### WORK INSTRUCTIONS
The pictures in the listing below are to be skipped, while the lines between the line holding "진심으로 상대를 열받게" and the line holding "Xiaomi ขยายอาณาจักรสมาร์ทลิฟวิ่ง เปิดตัว", inclusive, are to be output exactly.

### EXCERPTED DATA

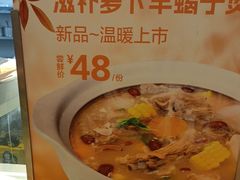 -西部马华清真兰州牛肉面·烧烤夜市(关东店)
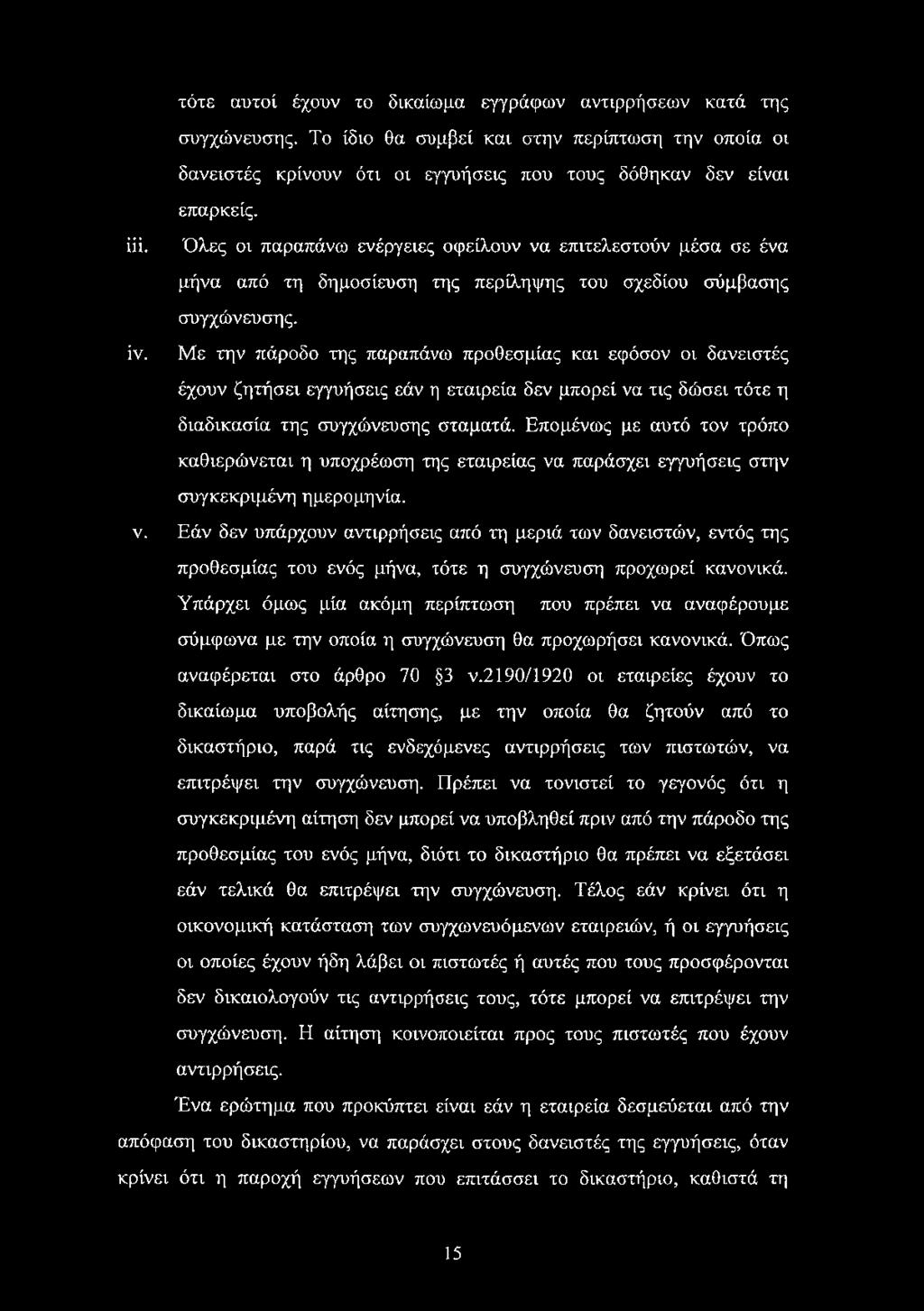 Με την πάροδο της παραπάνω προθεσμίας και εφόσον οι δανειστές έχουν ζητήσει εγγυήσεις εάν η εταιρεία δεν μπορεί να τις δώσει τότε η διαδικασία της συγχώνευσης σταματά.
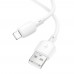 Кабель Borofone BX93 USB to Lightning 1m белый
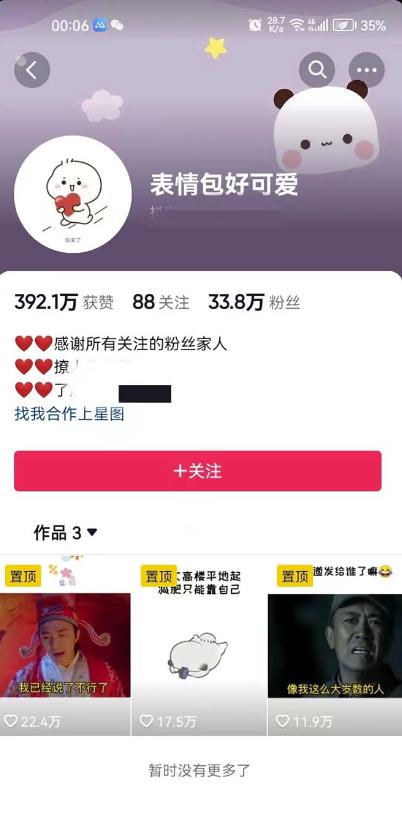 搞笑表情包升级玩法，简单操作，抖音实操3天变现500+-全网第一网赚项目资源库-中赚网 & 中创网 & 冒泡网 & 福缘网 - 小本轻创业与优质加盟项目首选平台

---

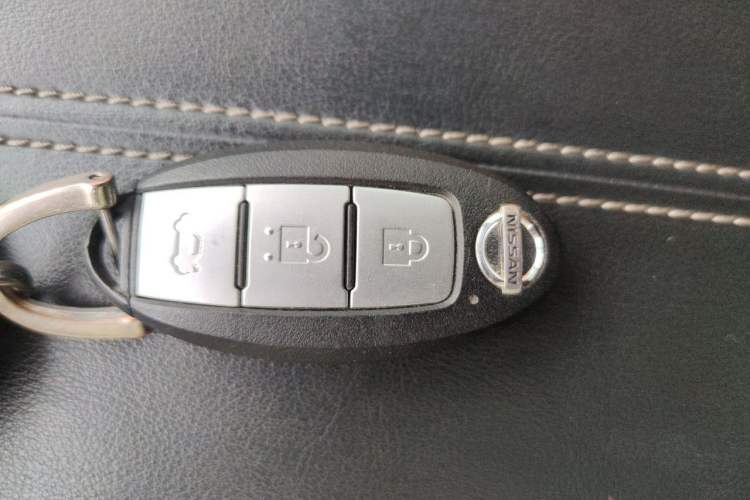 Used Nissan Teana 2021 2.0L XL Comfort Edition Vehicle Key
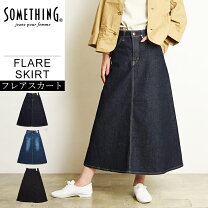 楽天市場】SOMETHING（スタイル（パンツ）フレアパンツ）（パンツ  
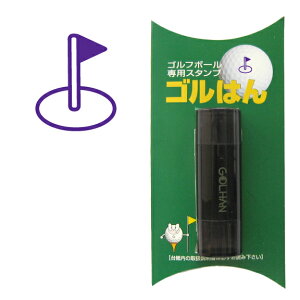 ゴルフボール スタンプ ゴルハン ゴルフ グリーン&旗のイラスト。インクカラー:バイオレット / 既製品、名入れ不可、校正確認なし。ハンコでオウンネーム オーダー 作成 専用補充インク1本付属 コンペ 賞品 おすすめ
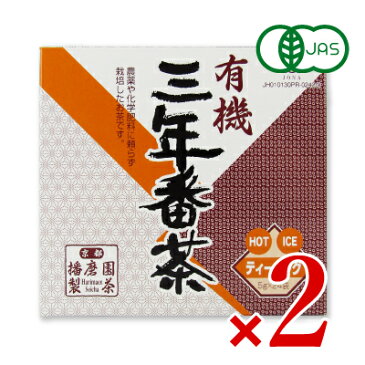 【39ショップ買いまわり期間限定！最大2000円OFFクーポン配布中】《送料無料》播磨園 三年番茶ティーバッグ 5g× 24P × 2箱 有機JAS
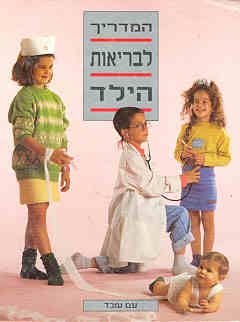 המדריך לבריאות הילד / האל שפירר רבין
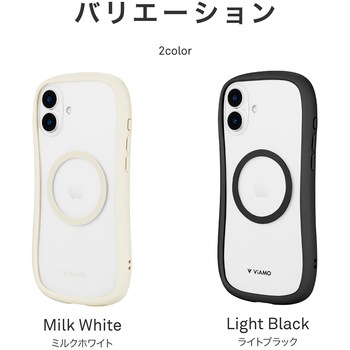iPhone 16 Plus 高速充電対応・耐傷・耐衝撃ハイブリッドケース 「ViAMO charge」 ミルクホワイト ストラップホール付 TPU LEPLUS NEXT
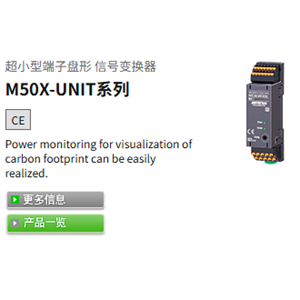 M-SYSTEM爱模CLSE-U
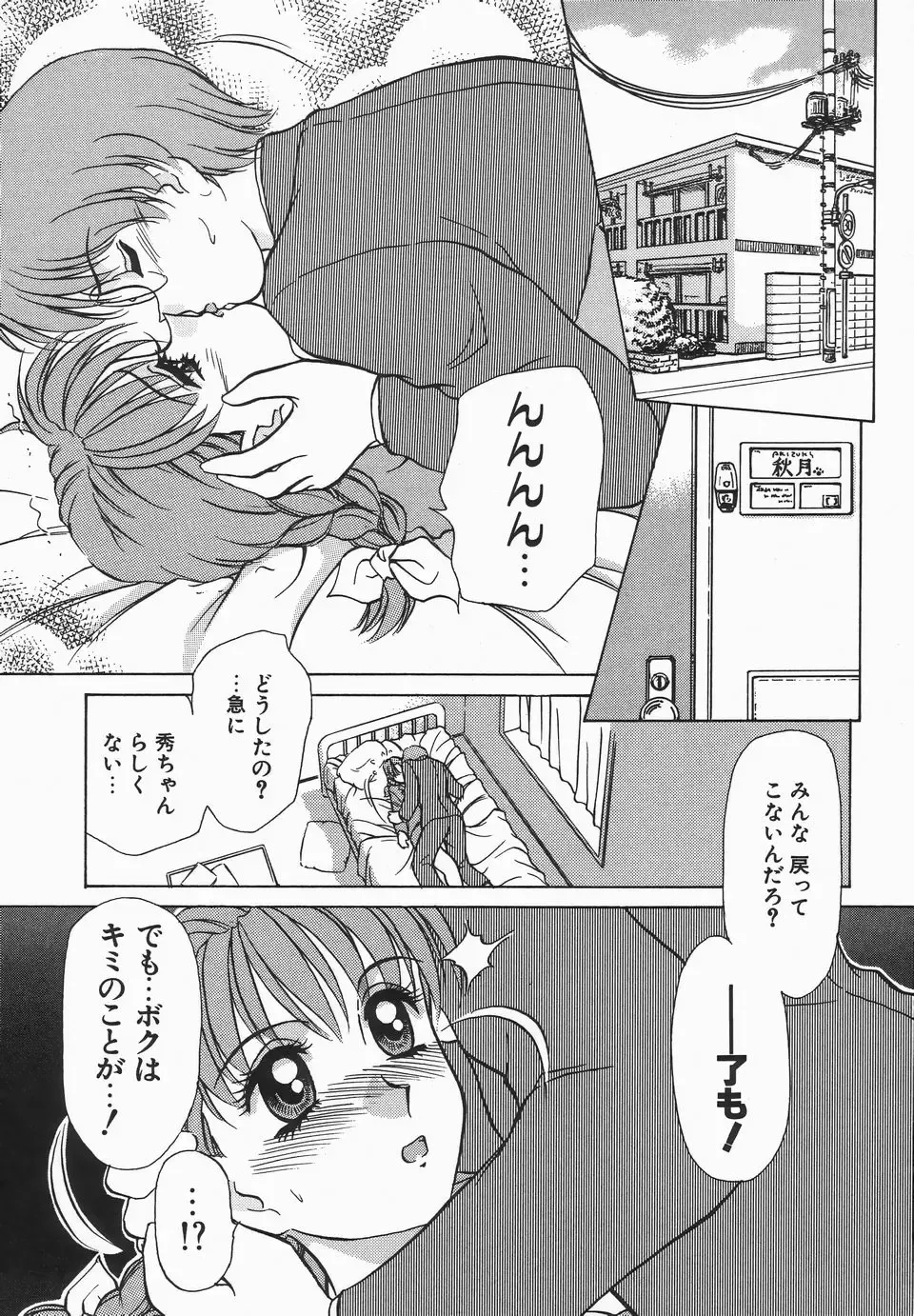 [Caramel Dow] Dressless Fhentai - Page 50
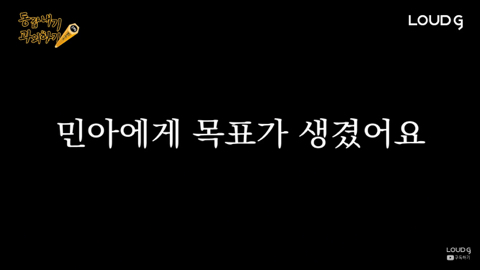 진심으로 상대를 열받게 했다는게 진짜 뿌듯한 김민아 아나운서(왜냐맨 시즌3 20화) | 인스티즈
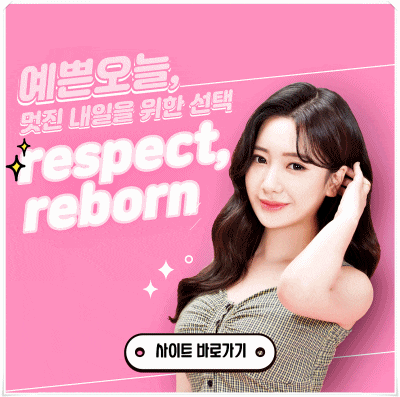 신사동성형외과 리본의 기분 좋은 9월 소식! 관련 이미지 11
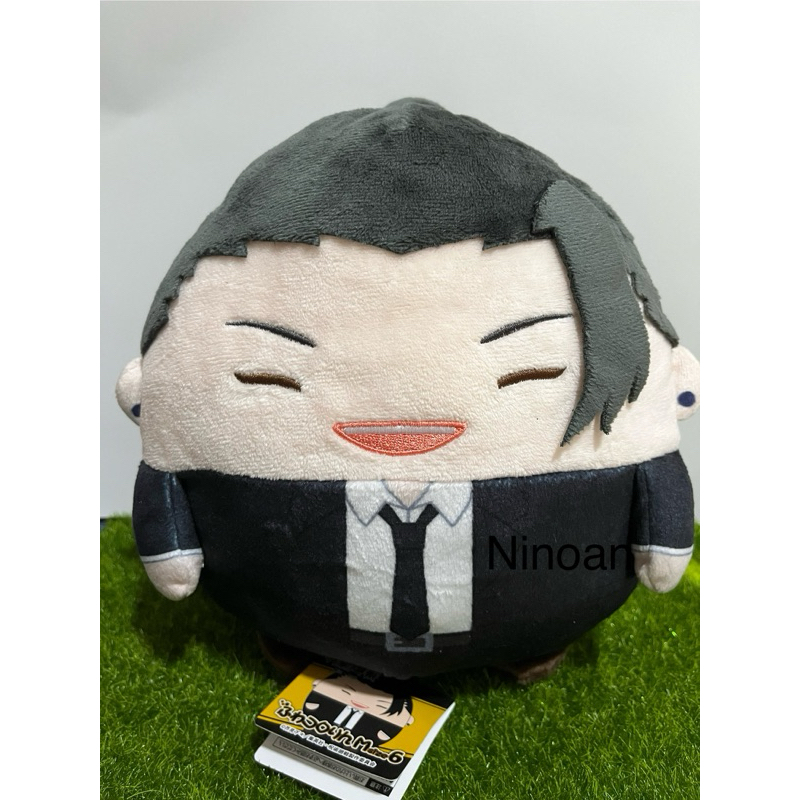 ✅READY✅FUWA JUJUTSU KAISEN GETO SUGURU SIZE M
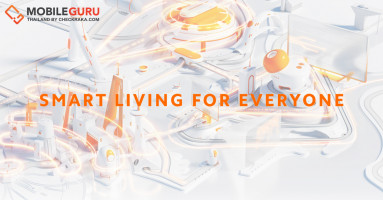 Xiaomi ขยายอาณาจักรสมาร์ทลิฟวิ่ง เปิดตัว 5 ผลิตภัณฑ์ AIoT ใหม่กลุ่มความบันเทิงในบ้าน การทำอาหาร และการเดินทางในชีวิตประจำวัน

==

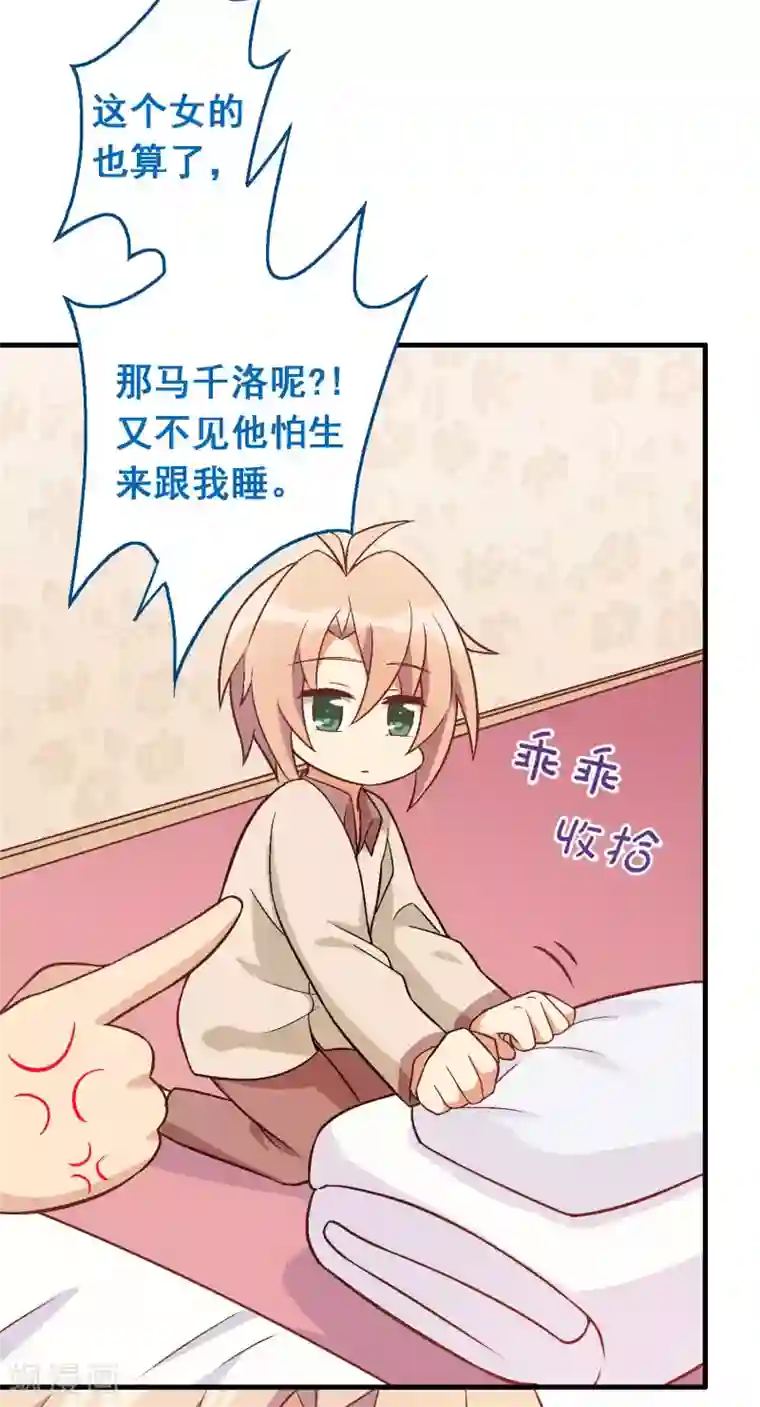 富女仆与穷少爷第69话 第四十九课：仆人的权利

### RESPONSE TO THIS TASK
 진심으로 상대를 열받게 했다는게 진짜 뿌듯한 김민아 아나운서(왜냐맨 시즌3 20화) | 인스티즈
 신사동성형외과 리본의 기분 좋은 9월 소식! 관련 이미지 11
 ✅READY✅FUWA JUJUTSU KAISEN GETO SUGURU SIZE M
 Xiaomi ขยายอาณาจักรสมาร์ทลิฟวิ่ง เปิดตัว 5 ผลิตภัณฑ์ AIoT ใหม่กลุ่มความบันเทิงในบ้าน การทำอาหาร และการเดินทางในชีวิตประจำวัน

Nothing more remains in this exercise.